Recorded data
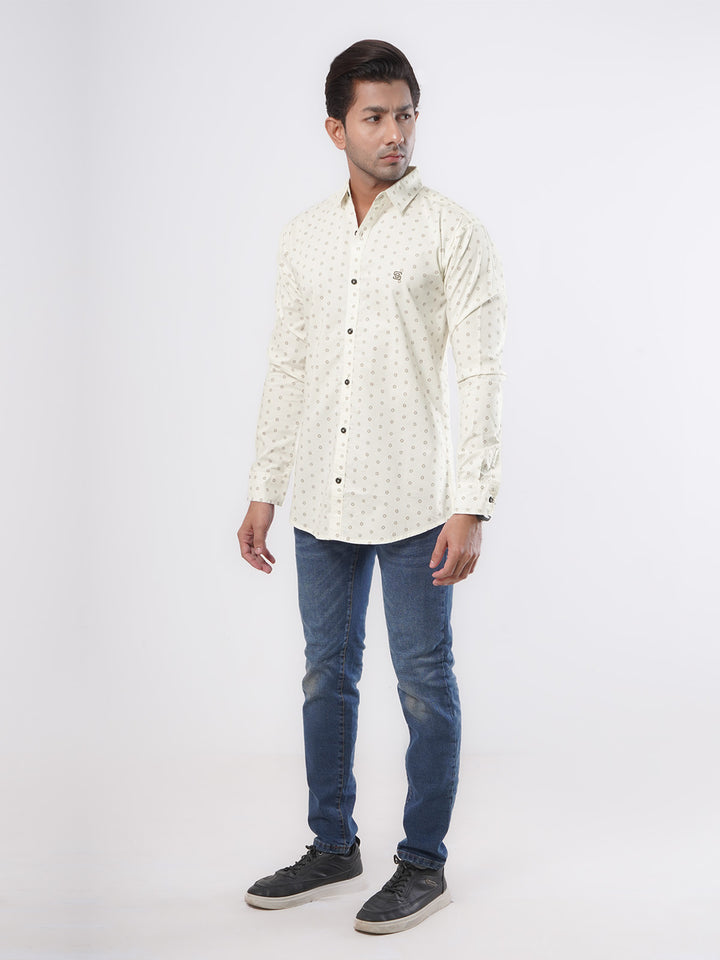 Off White Printed Casual Shirt (CSP-039)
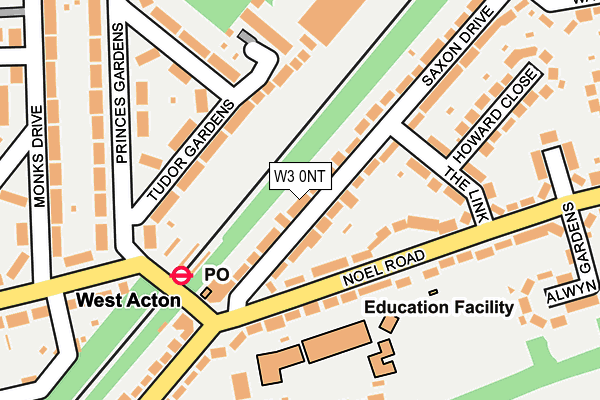 W3 0NT map - OS OpenMap – Local (Ordnance Survey)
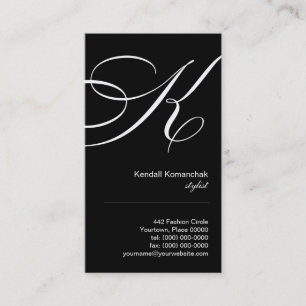 Ornate Script Monogram K Business Card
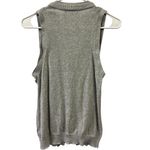 Banana Republic  Cotton Silk Blend Gray Ruffled Sleeveless Cardigan Womens Medium Photo 8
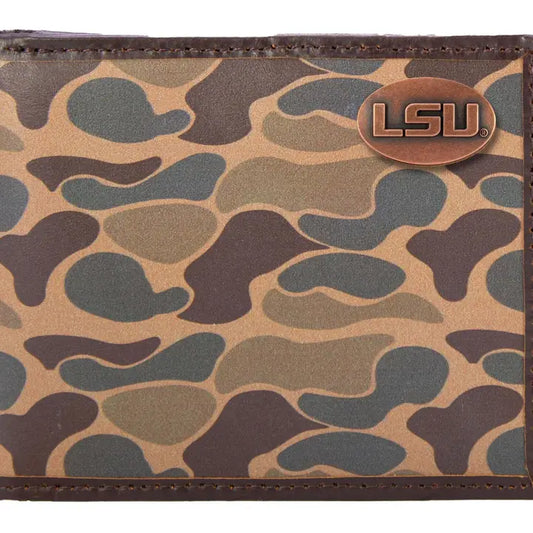 LSU Tigers Men's Bifold Old School Camo Leather Wallet-Brown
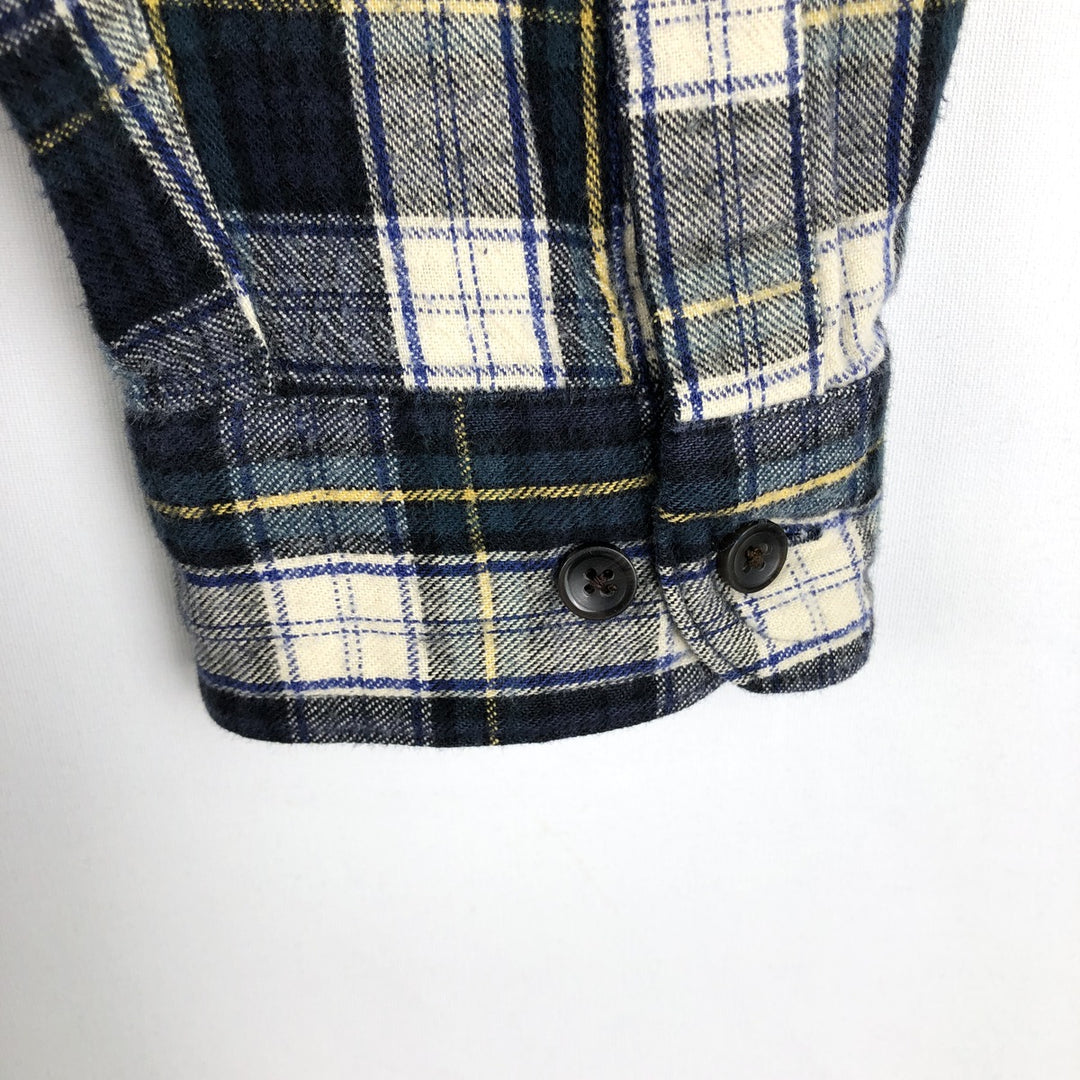LLBean Traditional Fit Long-Sleeve Button-Down Flannel Shirt, Men's Size L (approx.) cotton navy blue type Vintage Second Hand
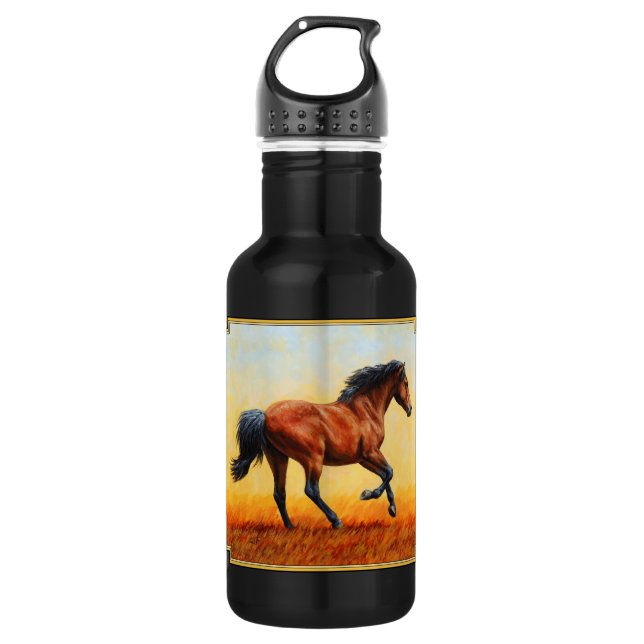 Bay Horse Galloping Stainless Steel Water Bottle (Front)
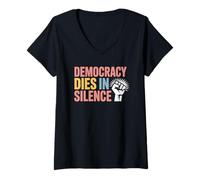 Donna La democrazia vintage muore in silenzio per mantenere la democrazia in America Maglietta con Collo a V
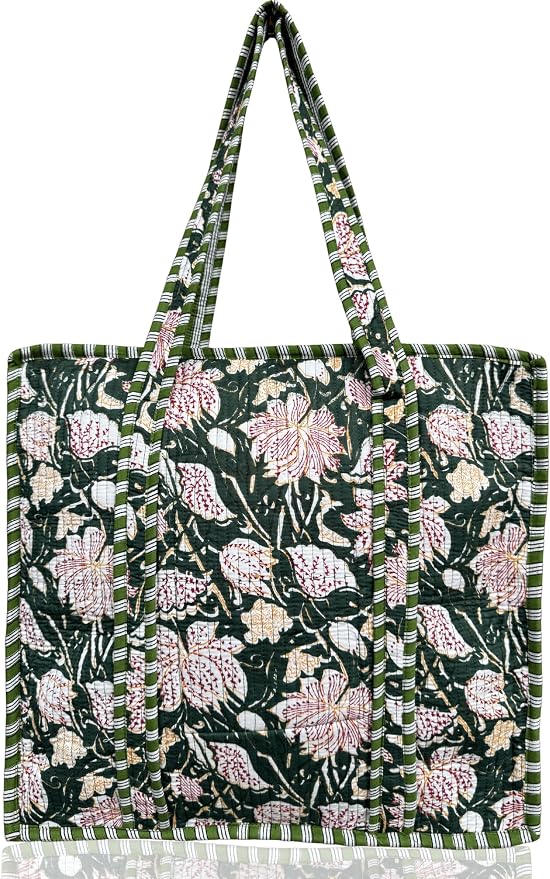 Cotton Quilted Tote Bag for Women – Large Beach & Travel Tote by ThirdEyeExport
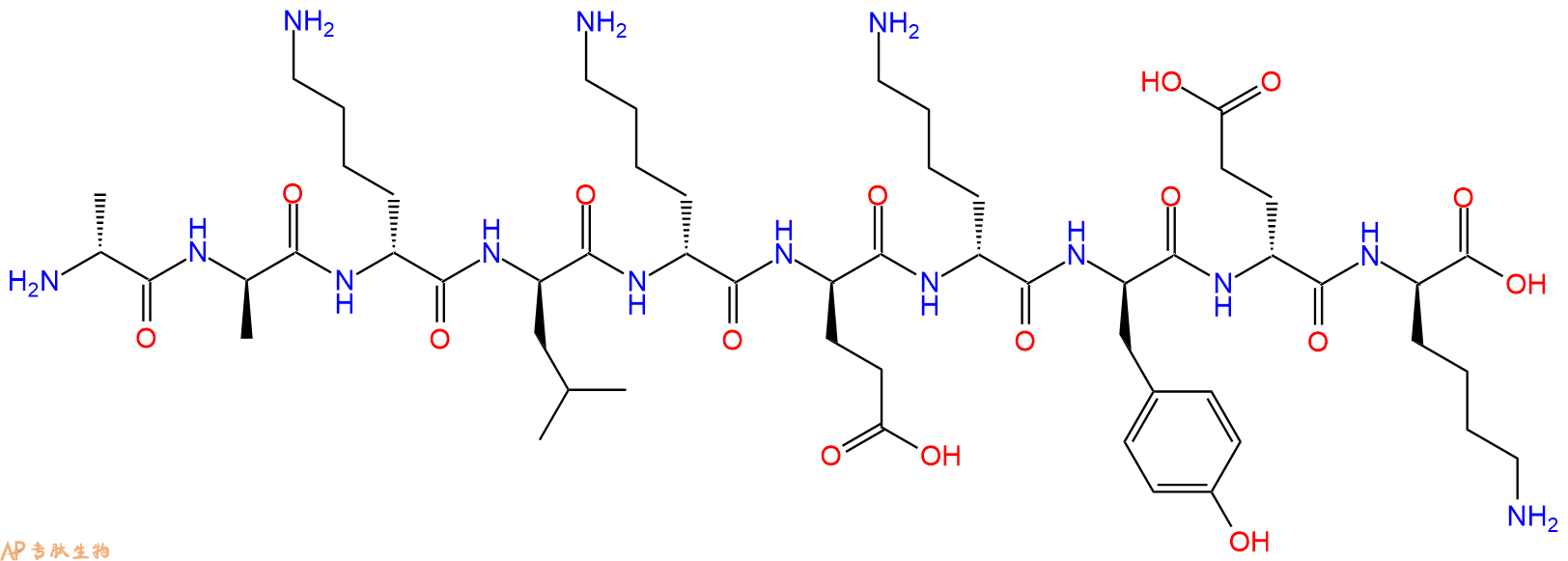专肽生物产品H2N-DAla-DAla-DLys-DLeu-DLys-DGlu-DLys-DTyr-DGlu-D
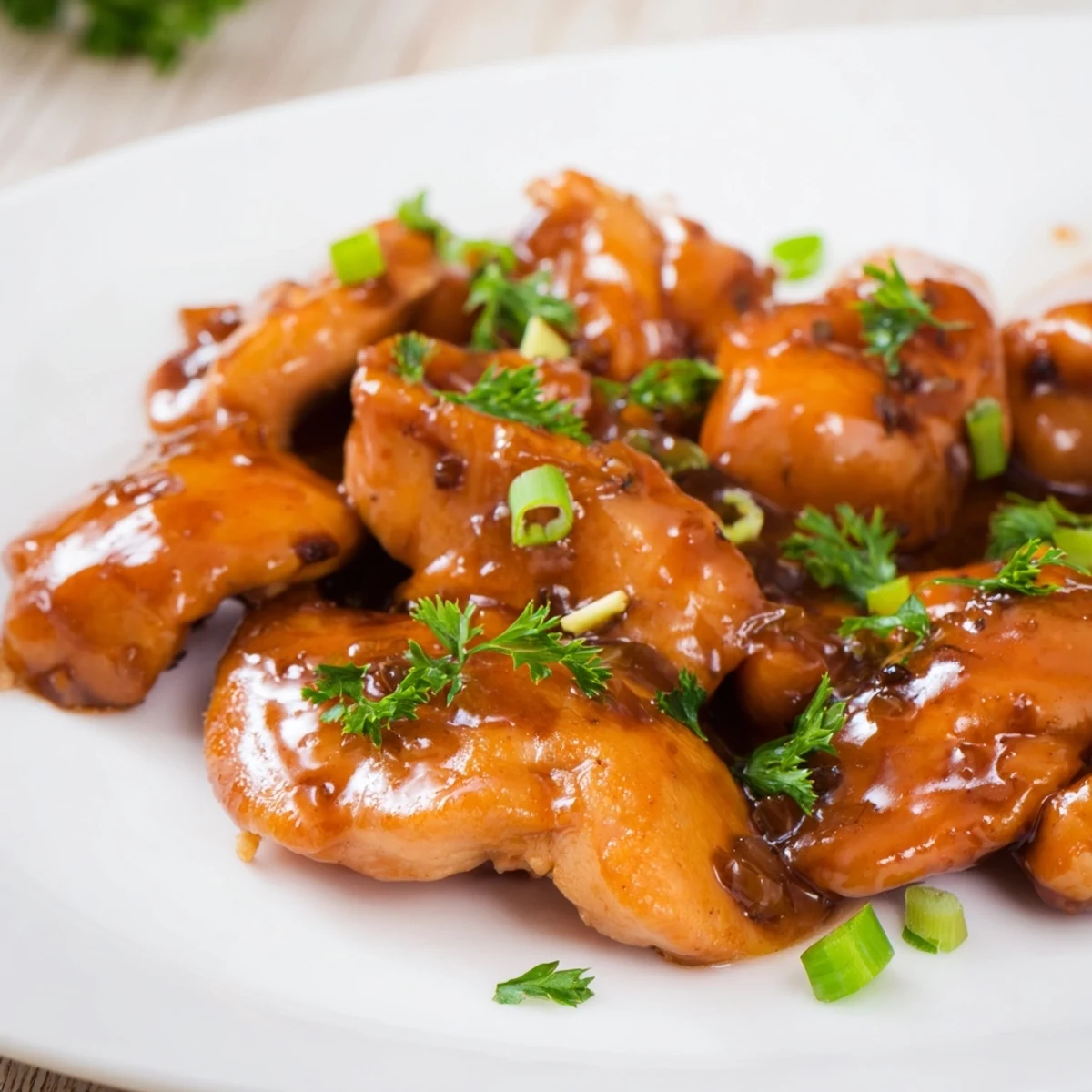 Tender classic apricot chicken pieces bubbling in sweet tangy preserves with parsley sprinkles on top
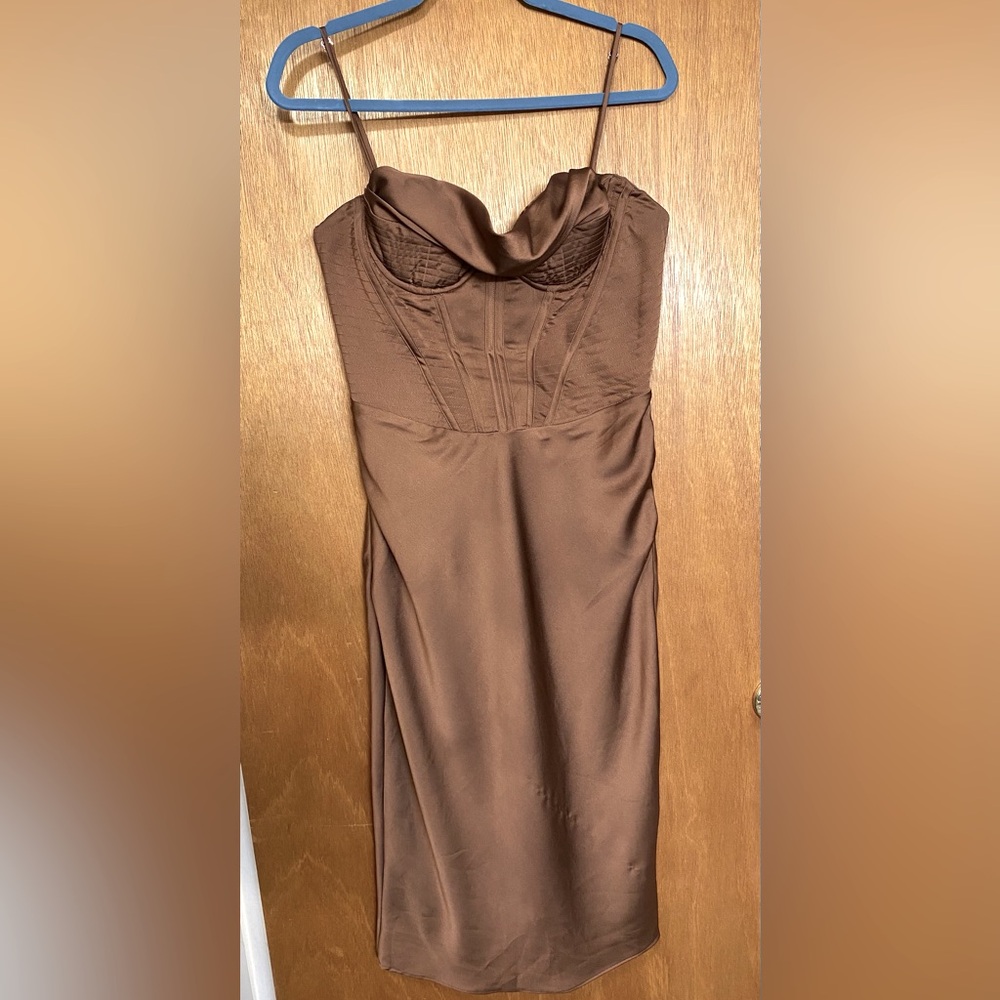 House of CB brown corset dress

PROBLEM STATEMENT
Output all of the data word for word, excluding any pictures.

RESULT OF THE EXERCISE
 Off White Printed Casual Shirt (CSP-039)
 W3 0NT map - OS OpenMap – Local (Ordnance Survey)
 Ornate Script Monogram K Business Card
 Banana Republic  Cotton Silk Blend Gray Ruffled Sleeveless Cardigan Womens Medium Photo 8
 LSU Tigers Men's Bifold Old School Camo Leather Wallet-Brown
LLBean Traditional Fit Long-Sleeve Button-Down Flannel Shirt, Men's Size L (approx.) cotton navy blue type Vintage Second Hand
 Bay Horse Galloping Stainless Steel Water Bottle (Front)
 Donna La democrazia vintage muore in silenzio per mantenere la democrazia in America Maglietta con Collo a V
 Cotton Quilted Tote Bag for Women – Large Beach & Travel Tote by ThirdEyeExport
专肽生物产品H2N-DAla-DAla-DLys-DLeu-DLys-DGlu-DLys-DTyr-DGlu-D
 Tender classic apricot chicken pieces bubbling in sweet tangy preserves with parsley sprinkles on top
 House of CB brown corset dress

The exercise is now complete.